LAF Presents Inaugural Awards--'Medal' and 'Founders'
Grant Jones is cofounder and principle emeritus of Jones & Jones (www.jonesandjones.com), a multidisciplinary firm of architects and landscape architects in Seattle.
LAF notes that Jones has practiced and preached ecological design for more than 30 years. Jones' and his colleagues scope of work has included education centers; campuses; community architecture; scenic conservation; regional and community planning; conservation-based development; eco and agri-tourism; transportation corridors; parks and greenways; community revitalization; cultural centers and museums; heritage landscapes; and wildlife conservation (specialized habitat design, zoo and botanical garden planning and design).
Over the years Jones has brought his passion and expertise to many signature Jones & Jones projects: The Paris Pike Historic Highway in Kentucky; the Arizona-Sonora Desert Museum in Tuscon; Disney's Animal Kingdom in Orlando; the Mountains-to-Sound Greenway in Washington; Commons Park in Denver; and America's first wildlife highway, U.S. Highway 93 through the Flathead Reservation in western Montana.
Jones received his bachelor of architecture from the University of Washington, followed by a postgraduate course in Theodore Roethke's verse writing class during Roethke's Poet in Residence tenure at the University of Washington.

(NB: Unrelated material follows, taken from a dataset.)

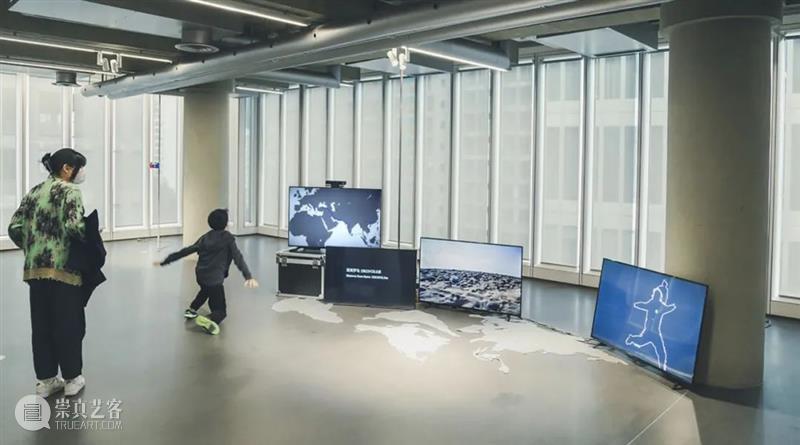 2021 PHOTOFAIRS | 曹澍个人项目 | 蜂巢当代艺术中心 Booth: B01 曹澍 蜂巢 当代 艺术 中心 PHOTOFAIRS 个人 项目 Booth 散步模拟 崇真艺客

He received his MLA from Harvard's School of Design, where he won the Frederick Sheldon Traveling Fellowship to research environmental design adaptations in South America and Western Europe.

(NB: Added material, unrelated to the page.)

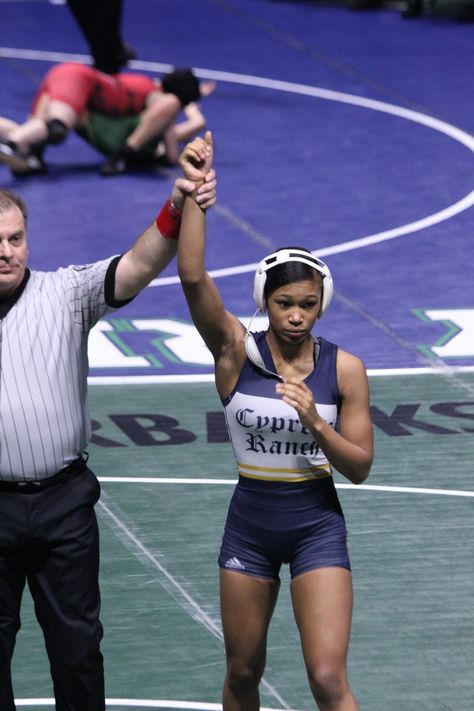 Arm Wrestling Aesthetic, Female Wrestlers High School, Wrestling Girl Aesthetic, Wrestling Aesthetic High School, Girls Wrestling Aesthetic, Wrestling High School, Highschool Wrestling, Woman Wrestling, Wrestling Uniform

Jones is an affiliate professor at the University of Washington. He served on the LAF Board of Directors (1999-2007) as vice president of education. He has held academic positions at the University of California, Berkeley, Harvard, University of Oregon, the University of Virginia, Texas A&M, and Ohio State, and has lectured at 30 departments of landscape architecture.
LAF Founders' Award
LAF has also debuted its Founders' Award, an annual recognition of a firm, agency, or organization that demonstrates a significant commitment to preserving, creating, or enhancing landscapes over a sustained period of time. The award may be given to landscape architecture groups, but is not limited to the profession.

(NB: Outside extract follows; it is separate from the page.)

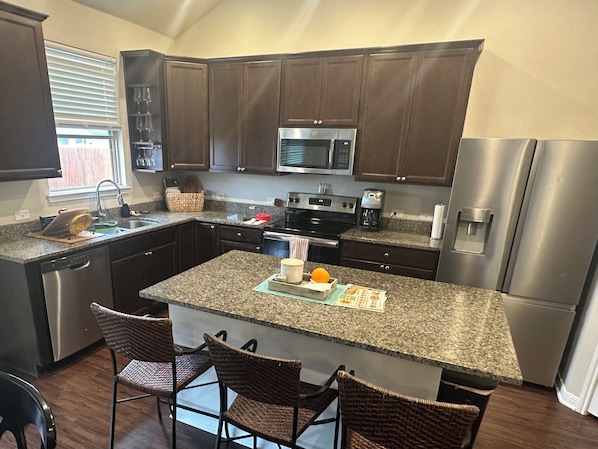 Private kitchen - Aggie Home Like New (Bryan)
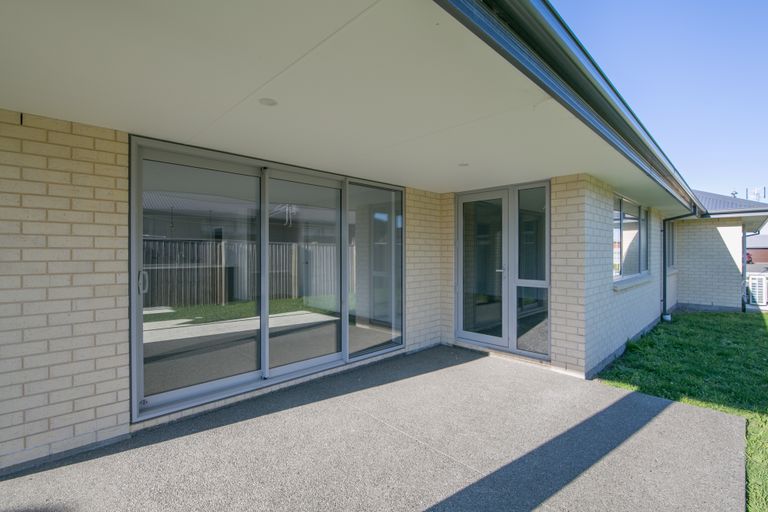 Photo of property in 85 Beachvale Drive, Kaiapoi, 7630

The inaugural Founders' Award goes to the American Society of Landscape Architects. ASLA is of course the national professional association for landscape architects, founded in 1899. Its mission is to "advance landscape architecture through advocacy, communication, education, and fellowship." ASLA reports it has 15,000 members, 49 state chapters (professional members), and 72 student chapters.
The LAF Founders' Award intent is to recognize firms, agencies or organizations for "significant commitment to preserving, creating, or enhancing landscapes over a sustained period of time."